FAQ LOD 2019 Challenge

1) The application returns only the number of matches or all the rows matching the query? In the latter case which fields the application should return?
Only the number of unique users that match some conditions is required.
2) Can the application use a relational or NoSQL database?
Relational or NoSQL databases can be used. You should then provide us the runtime environment to be executed in the machine we will use to obtain the challenge results.
3) Can we preprocess the dataset and more generally prepare it for the application? Can we sort the rows, split or merge files, store the data in another format?

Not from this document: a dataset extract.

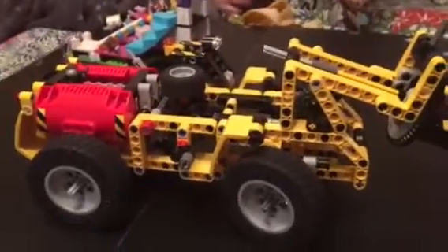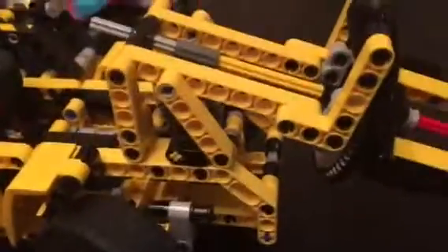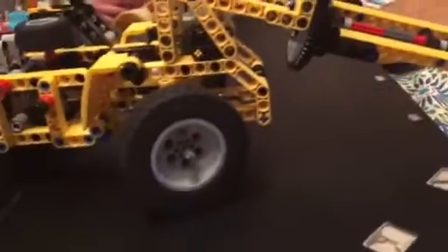Hey guys and girls all over the world, it's Aiden here and welcome to another LEGO Showcase video. Today we are doing the LEGO Technic Part B set — the big yellow grabber thing. I forget what it's called but I know it's the second set to it. Let's see the Technics in it.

You can do each kind of pre-process you want, to optimize the execution of the queries. This pre-processing should not be specific to particular queries or dataset but enough general to be used proficently to execute general queries in an optimized way.  

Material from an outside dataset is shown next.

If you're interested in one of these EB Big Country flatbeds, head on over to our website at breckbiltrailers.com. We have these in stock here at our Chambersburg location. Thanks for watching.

4) The application should work on a generic dataset or it is fine to optimise it for the given dataset?
The dataset used to obtain the final result of the challenge will be similar but not the same we provided you. So you cannot think to optimize using particular patterns of the actual dataset but only general patterns.
5) Can the system maintain a state during its execution (i.e. have memory of past queries and queried data)?
Yes, it can be done. Remember that the queries can be very variable.
6) The sentence “… the most precise counter of the number of tuples matching C …” reported in the challenge means that the number can be both an over or an under estimate?
Yes, an estimation is admitted because the goal is not having the exact number but something that is the more precise as possible in a few seconds.
7) The example queries reported in the document contain the following statements: “Visiting at least 10 times the urls containing …” and “Viewing at least 10 times an advertisement …”. In these cases we count the views occurred in different dates (rows) or we use the field ‘imps’ and/or ‘pageviews’ to count the number of views and/or visits? Or we sum all the ‘pageviews’ occurred in different dates (rows)?
The sum of pageviews or imps or clicks is intended to be calculated.
8) Which is the primary key of the ACTION TABLE?
The key in the ACTION TABLE is not given. The field user_id is the foreign key to idemtify uniquely the users in the USER TABLE. Remenber that the goal is always counting the number of unique users!
9) We noticed that some fields of the ACTION TABLE are missing. In particular instead of 18 values/fields we found 16 values/fields for some rows, the missing fields seems to be ‘url’ and ‘domain’.
In some case the field values can be null (that is the case of url and domain).
10) We also noticed that contrary to what stated in the document the url are not anonymised in the ACTION TABLE.
In this case we just took urls from a real set to make the challenge more realistic.